The 40-mile trek from Berkeley to Menlo Park ran one hour and forty minutes each way for Khuner and was one critical factor in making what she says was the hardest decision of her life: choosing between her dream job and her child.
Khuner, who was pregnant when Facebook hired her and read "Lean In" while on leave, told fellow employees about her decision to walk away from Facebook on an internal message board. "I wrote: I love this place and I know that we can do things that people never thought possible and this is a problem we can solve," she says.
In the ensuing discussion, Sandberg explained that Facebook management could not give working parents more flexibility without putting too much strain on other employees. Khuner, her baby sleeping on her chest, attended a weekly Q&A with Facebook staffers, where she says Zuckerberg told her he would like to offer more options for working parents but couldn't yet.
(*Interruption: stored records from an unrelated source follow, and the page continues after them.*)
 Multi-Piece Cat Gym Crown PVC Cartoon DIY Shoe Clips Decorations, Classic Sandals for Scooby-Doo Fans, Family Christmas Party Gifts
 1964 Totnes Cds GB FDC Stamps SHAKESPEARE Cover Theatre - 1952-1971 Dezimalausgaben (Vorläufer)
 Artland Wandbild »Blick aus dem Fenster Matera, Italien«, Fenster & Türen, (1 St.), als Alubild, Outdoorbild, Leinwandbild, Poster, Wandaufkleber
Some Facebook moms agreed. "I am here to hustle, and so are the people around me," one wrote in the Facebook group for moms in tech. "Given that's where the culture is coming from, I'm not surprised it's hard for them to add in part-time jobs. ... I think the problem is not the lack of Facebook workplace policies but the lack of longer leave in the U.S. for all parents."
Khuner's post to her fellow Facebook employees drew thousands of reactions and hundreds of comments. A few employees were critical, pointing out that Facebook offers far more than other companies and industries, but others, even some who did not have children, rallied behind her.
"Thank you for sharing, as I literally tear up at my desk. This captured so many of my fears and anxieties as a new female employee," wrote one woman.
"I finally feel like I'm not the only one facing this problem," wrote the mother of a 7-week-old baby.